There is two types of releases that you can install: official releases and under-development-but-latest releases.

The documentation is always up to date to the latest releases, but this releases are only pushed to PyPi when enough testing, profilling and code coverage increase is done.

Official releases

All official releases are uploaded in PyPi. To install via pip, simply run:

python -m pip install itea

Latest releases

The latest releases are always committed to GitHub before more intensively tested to be released on PyPi. To install, just download the GitHub repository (itea-python GitHub page) and run (on the root):

python -m pip install .

Minimal examples

Before jumping into using the library, here are some tips and examples that might make it easier to use.

ITEA can be used for regression (with the ITEA_regressor class) or for classification (ITEA_classifier).
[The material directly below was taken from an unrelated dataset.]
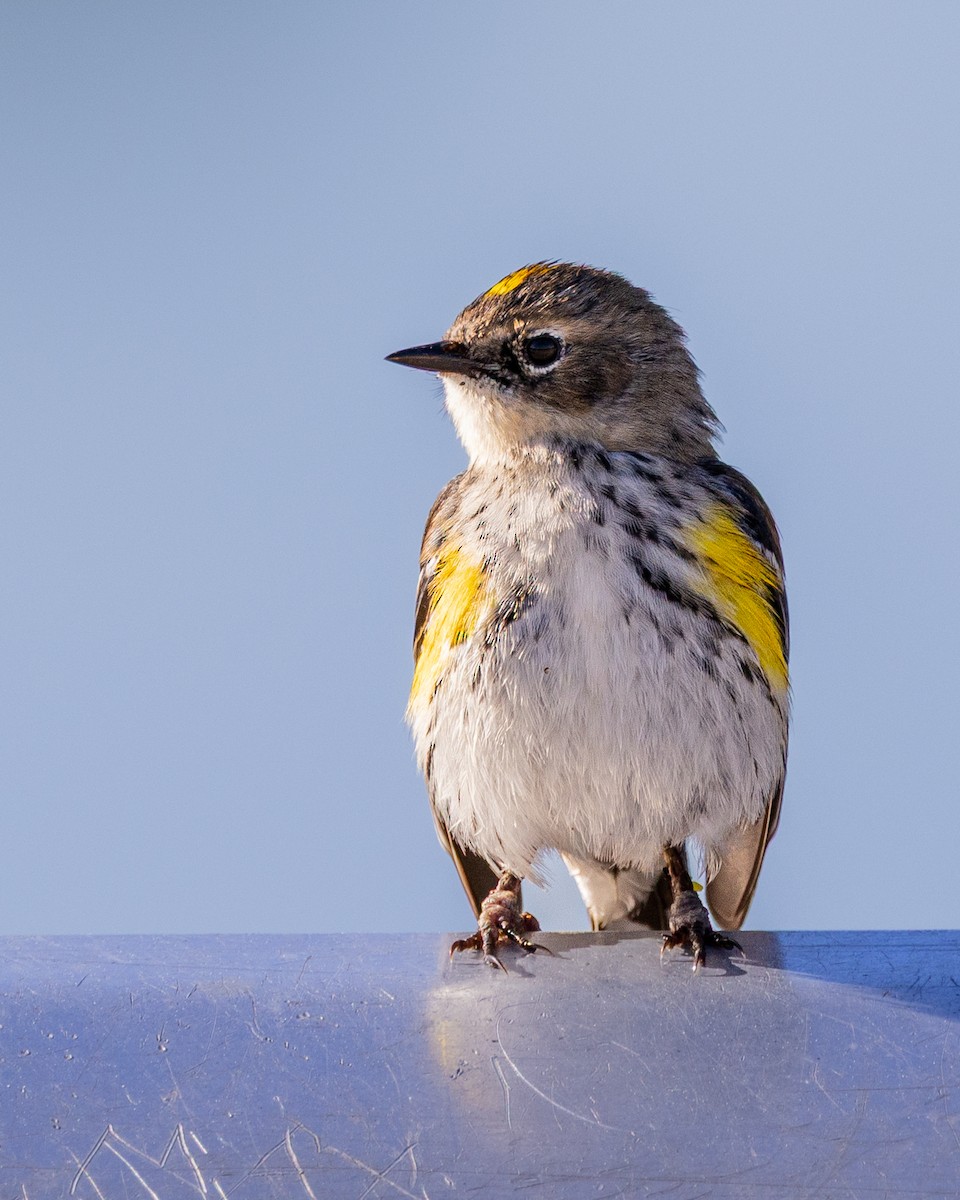 Yellow-rumped Warbler - ML635121609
Both classes inherit from base classes in the scikit-learn library, and implement very similar methods. The simplest use is to create an instance and use the fit method.

Fitting an estimator

from sklearn import datasets

# Loading regression data and fitting an ITEA regressor
from itea.regression import ITEA_regressor

housing_data = datasets.fetch_california_housing()
X_reg, y_reg = housing_data['data'], housing_data['target']
labels       = housing_data['feature_names']
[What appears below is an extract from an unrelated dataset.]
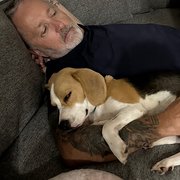 House Sitter - #1 housesitters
reg = ITEA_regressor(labels=labels).fit(X_reg, y_reg)

# loading classification data and fitting an ITEA classifier
from itea.classification import ITEA_classifier

iris_data      = datasets.load_iris()
X_clf, targets = iris_data['data'], iris_data['target']
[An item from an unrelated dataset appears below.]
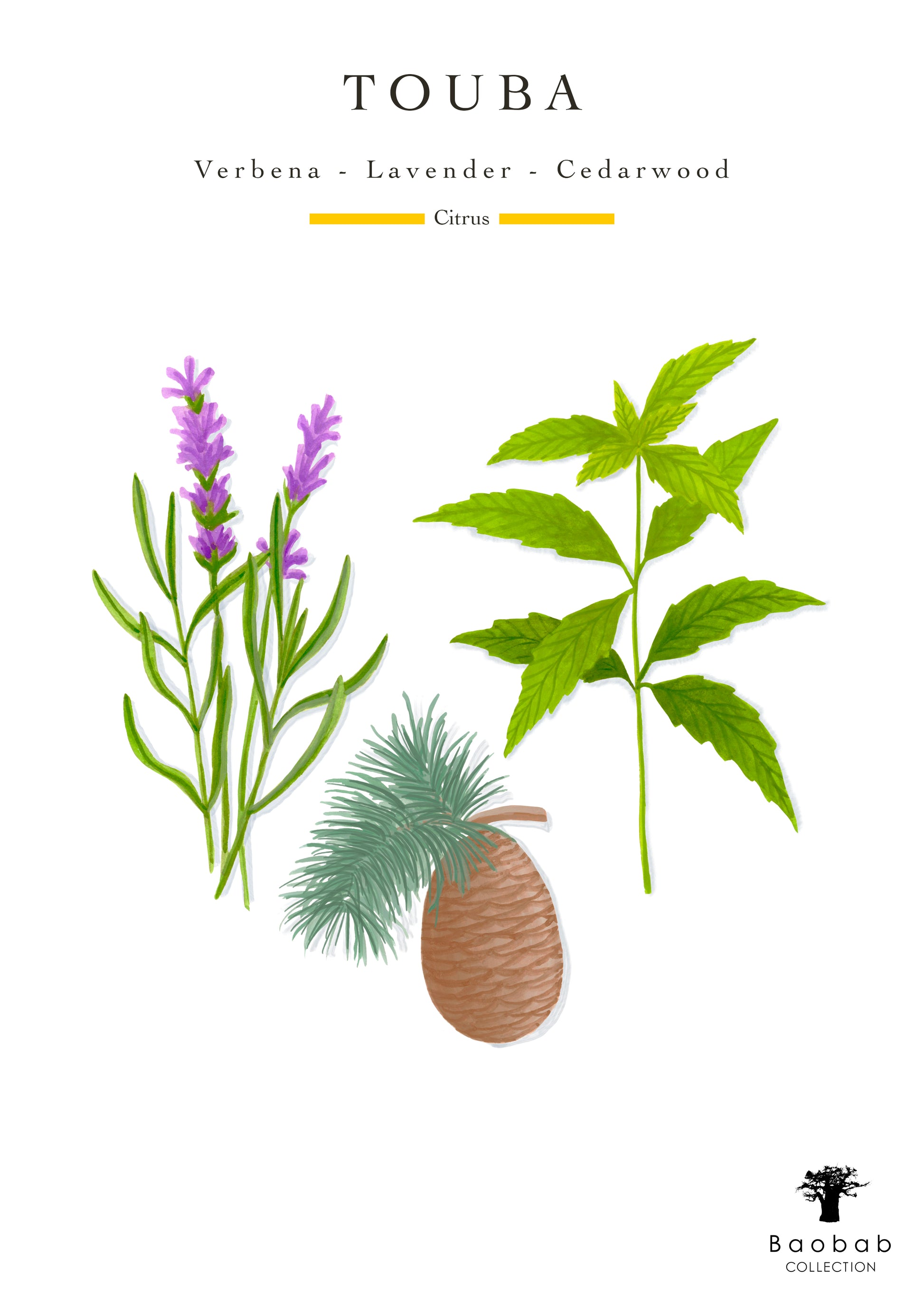 Illustration of verbena, lavender, cedarwood, and citrus label with baobab design and "Baobab Collection Sacred Trees Touba Candle" branding—honoring Africa’s Great Green Wall.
clf = ITEA_classifier().fit(X_clf, targets)

The convention is to always pass arguments by name for all that are not mandatory and have default values defined. To specify a setting other than the default, we must pass the arguments by name:

reg = ITEA_regressor(gens=50, popsize=200).fit(X_reg, y_reg)

# the line below does not work
reg = ITEA_regressor(50, 200).fit(X_reg, y_reg)

The documentation presents the default values for each algorithm, with exaplanations of what they represent.

Using the final Symbolic Expression to make predictions

After performing the evolution (fitting the ITEA), the best symbolic expression can be accessed by the bestsol_ attribute. The best expression is an already fitted sckit estimator. The bestsol_ is used to predict, calculate the score, print the expression, and to obtain interpretability with model-agnostic (or the model-specific ITExpr_explainer) explainers.

The ITEA instance implements the predict method, but essentially it just uses bestsol’s predict.

final_itexpr = reg.bestsol_

# Returns the predictions for every observation
final_itexpr.predict(X_reg)

# yields the same result as the previous line
reg.predict(X_reg)

# Will print the expression as string.
print(final_itexpr)

The last line will print the expression:

9.924*log(MedInc^2 * AveBedrms * Longitude^2) +
7.982*log(MedInc * HouseAge * AveRooms * AveOccup^2 * Longitude^2) +
-9.092*log(HouseAge * AveRooms * AveBedrms * AveOccup^2 * Latitude * Longitude^2) +
0.702*log(HouseAge^2 * AveBedrms * AveOccup^2 * Latitude^2 * Longitude^2) +
-25.846*log(MedInc) +
-62.377

Explaining an IT expression

The ITEA Package also implements some classes focused on interpretability, providing mechanisms to inspect and better understand the returned symbolic expressions. We can obtain importance values from expression attributes and even generate graphs:

explainer = ITExpr_explainer(
    itexpr=final_itexpr, tfuncs=reg.tfuncs).fit(X_reg, y_reg)

explainer.plot_feature_importances(
    X=X_reg,
    importance_method='pe',
    grouping_threshold=0.0,
    barh_kw={'color':'green'}
)

Explainers do not inherit any scikit interfaces, but implements a similar usage. So, the steps to use the explainers are: 1. Instanciate the explainer; 2. Fit; 3. Generate the plots.

That said, if you’re familiar with scikit’s ecosystem of regressors and classifiers, you’ll have no problem using ITEA and its explainers.